Son petit frère Titan voit le jour trois ans plus tard. «Un défi technique difficile», se vantait Stockton Rush sur une radio américaine. Système de surveillance intégré, coque révolutionnaire en titane et carbone, plate-forme de lancement et de récupération ultra-pratique… Tout porte à croire que le Titan, bijou de technologie, était sans danger d'utilisation.
Un submersible «ni approuvé, ni certifié»
Pourtant, le nouveau-né d'OceanGate a essuyé de nombreuses critiques de la part des professionnels de l'industrie submersible.
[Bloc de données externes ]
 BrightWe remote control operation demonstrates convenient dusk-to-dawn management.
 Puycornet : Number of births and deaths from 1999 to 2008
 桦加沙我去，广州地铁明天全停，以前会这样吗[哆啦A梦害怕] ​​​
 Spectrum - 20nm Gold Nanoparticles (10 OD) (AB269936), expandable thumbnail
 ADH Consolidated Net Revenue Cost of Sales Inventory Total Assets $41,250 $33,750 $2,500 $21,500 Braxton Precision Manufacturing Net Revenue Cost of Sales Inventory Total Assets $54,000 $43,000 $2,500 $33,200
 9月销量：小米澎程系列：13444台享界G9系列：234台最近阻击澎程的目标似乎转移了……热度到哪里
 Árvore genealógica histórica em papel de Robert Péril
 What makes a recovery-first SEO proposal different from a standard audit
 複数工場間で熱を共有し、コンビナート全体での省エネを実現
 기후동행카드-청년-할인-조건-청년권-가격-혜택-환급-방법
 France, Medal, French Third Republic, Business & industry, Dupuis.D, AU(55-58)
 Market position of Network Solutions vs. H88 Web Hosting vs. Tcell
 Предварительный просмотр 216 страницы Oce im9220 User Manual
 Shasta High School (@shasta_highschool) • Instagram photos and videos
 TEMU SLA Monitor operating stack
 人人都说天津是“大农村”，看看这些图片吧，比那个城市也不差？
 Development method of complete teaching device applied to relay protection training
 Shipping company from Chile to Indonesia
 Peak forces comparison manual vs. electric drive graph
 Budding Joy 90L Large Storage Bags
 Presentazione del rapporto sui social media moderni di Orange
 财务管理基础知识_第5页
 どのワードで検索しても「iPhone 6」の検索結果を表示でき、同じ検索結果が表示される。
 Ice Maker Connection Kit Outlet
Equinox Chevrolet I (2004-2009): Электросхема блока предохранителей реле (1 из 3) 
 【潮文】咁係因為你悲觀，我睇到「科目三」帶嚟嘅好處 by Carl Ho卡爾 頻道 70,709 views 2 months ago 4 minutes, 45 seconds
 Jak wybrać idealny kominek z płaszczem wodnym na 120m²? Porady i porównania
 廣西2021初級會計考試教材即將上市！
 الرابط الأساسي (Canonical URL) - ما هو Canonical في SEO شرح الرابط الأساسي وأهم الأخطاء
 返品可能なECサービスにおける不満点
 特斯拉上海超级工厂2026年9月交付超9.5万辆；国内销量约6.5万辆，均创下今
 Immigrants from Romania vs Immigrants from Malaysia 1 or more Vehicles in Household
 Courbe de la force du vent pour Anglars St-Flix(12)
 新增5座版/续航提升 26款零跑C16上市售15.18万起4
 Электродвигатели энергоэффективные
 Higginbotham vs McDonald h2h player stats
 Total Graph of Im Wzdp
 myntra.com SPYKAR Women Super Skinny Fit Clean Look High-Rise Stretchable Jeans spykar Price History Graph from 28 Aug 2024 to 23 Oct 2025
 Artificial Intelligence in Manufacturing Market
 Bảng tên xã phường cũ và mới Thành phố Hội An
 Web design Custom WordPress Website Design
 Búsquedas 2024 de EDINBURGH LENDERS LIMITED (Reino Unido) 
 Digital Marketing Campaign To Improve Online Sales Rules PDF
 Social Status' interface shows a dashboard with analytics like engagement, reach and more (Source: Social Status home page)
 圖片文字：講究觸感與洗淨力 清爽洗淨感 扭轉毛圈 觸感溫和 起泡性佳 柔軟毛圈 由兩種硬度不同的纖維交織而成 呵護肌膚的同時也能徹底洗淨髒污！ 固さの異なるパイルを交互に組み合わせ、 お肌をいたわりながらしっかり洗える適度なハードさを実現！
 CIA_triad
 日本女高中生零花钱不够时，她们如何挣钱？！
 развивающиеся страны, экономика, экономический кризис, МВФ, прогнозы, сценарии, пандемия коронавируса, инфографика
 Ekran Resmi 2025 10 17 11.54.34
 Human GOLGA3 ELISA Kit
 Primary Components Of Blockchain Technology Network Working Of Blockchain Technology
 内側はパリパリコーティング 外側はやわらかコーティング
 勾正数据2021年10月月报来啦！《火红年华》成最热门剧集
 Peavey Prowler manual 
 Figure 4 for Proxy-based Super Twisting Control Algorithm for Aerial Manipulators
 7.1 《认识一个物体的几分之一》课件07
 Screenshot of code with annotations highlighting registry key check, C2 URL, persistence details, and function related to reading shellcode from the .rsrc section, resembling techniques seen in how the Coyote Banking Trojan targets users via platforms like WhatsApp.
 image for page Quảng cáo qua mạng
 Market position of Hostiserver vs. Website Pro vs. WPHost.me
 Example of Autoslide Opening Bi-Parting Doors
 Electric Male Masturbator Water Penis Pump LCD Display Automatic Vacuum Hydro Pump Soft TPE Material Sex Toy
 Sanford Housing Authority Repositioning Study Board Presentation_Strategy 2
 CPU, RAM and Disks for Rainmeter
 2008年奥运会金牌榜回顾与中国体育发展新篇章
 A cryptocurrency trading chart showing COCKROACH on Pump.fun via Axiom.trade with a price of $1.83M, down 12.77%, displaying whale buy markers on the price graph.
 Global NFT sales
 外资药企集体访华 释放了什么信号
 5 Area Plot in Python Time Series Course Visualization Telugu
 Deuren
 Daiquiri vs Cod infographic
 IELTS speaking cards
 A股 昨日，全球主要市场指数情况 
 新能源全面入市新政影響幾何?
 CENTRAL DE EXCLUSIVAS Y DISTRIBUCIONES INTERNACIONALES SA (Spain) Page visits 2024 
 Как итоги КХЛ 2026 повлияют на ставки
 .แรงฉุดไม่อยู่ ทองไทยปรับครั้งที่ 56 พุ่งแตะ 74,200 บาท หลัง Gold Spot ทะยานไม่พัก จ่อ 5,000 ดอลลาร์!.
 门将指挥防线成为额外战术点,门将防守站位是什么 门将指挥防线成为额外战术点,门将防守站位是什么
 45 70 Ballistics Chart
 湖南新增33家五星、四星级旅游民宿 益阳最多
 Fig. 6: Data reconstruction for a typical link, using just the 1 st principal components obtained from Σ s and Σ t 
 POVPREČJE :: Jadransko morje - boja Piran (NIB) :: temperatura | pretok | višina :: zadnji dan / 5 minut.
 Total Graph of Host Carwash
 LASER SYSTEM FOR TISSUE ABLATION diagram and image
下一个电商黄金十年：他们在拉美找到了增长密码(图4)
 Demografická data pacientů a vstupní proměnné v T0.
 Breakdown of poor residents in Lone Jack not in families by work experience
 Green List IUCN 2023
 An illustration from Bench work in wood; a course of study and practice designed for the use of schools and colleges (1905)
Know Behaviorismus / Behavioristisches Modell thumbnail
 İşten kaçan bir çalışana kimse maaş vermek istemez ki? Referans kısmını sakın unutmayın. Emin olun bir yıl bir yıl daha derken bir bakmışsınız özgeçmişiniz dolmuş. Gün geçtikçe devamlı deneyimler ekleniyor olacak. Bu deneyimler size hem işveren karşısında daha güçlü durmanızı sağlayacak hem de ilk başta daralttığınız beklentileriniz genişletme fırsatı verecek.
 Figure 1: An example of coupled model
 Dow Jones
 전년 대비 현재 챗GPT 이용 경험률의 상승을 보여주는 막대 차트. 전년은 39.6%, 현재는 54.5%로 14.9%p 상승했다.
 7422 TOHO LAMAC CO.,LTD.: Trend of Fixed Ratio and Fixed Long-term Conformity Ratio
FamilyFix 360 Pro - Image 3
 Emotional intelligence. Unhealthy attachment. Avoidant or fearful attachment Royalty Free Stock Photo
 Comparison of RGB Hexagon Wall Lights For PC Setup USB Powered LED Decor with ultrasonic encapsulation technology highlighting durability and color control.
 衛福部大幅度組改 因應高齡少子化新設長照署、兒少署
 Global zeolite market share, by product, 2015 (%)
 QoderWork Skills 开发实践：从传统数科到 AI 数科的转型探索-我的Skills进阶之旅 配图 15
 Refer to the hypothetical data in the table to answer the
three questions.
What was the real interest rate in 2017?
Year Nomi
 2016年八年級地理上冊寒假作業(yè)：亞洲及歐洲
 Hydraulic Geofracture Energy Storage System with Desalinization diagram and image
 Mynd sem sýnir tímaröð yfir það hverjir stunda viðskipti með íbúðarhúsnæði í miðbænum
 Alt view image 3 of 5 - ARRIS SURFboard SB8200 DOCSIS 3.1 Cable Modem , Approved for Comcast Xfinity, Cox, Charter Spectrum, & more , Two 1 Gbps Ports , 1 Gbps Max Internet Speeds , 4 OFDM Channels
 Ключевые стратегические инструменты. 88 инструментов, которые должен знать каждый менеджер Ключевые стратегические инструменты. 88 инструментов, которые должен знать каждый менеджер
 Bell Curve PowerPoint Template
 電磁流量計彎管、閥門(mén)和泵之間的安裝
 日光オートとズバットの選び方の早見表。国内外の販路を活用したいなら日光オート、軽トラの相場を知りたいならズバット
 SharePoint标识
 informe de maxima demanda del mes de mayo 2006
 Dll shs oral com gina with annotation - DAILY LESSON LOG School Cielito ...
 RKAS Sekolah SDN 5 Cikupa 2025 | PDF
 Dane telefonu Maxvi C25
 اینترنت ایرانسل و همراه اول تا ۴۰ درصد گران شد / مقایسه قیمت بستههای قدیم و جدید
La société refusait de soumettre son protégé à une certification. Le Wall Street Journal rapporte d'ailleurs le repoussement de Stockton Rush pour cette procédure qui limitait l'innovation. En 2018, le comité de la Marine Technology Society sur les véhicules sous-marins habités avait pourtant signalé que la décision d'OceanGate de ne pas soumettre le Titan à une vérification de sécurité laissait planer le risque d'une défaillance potentiellement catastrophique.
Un avis partagé par le journaliste David Pogue. Pour un reportage pour la chaîne américaine CBS, il avait pris part à une exploration du Titanic organisée par OceanGate. Sur Twitter, il décrit l'aspect «Macgyveresque» du submersible, dirigé avec une manette de PlayStation. Avant l'expédition, il avait dû signer une décharge de responsabilité précisant que le Titan est un «navire submersible expérimental qui n'a été ni approuvé, ni certifié par aucun organisme de régulation et pourrait entraîner des blessures physiques, des traumatismes émotionnels ou la mort ». Lors de la plongée, le sous-marin a justement perdu la communication pendant deux heures et demie avec le navire de surface qui le guidait via SMS.
Stockton Rush a d'ailleurs souligné le caractère désordonné du mode d'innovation de son entreprise. «Si vous ne cassez pas des choses, vous n'innovez pas», a-t-il déclaré lors d'une conférence en 2022. Si la sécurité du sous-marin semblait hasardeuse, les comptes d'OceanGate pourraient l'être tout autant. Son fondateur a reconnu ne faire aucun bénéfice avec les expéditions vers le Titanic. «Certains diraient que 250.000 dollars [pour un voyage dans le Titan, NDLR] sont une grosse somme d'argent, mais nos frais dépassent le million de dollars», a-t-il précisé. Pourtant, ni les contraintes financières, ni l'absence de certification ne semblaient pouvoir arrêter Stockton Rush. Sa société travaillait en effet sur la troisième version du Cyclope.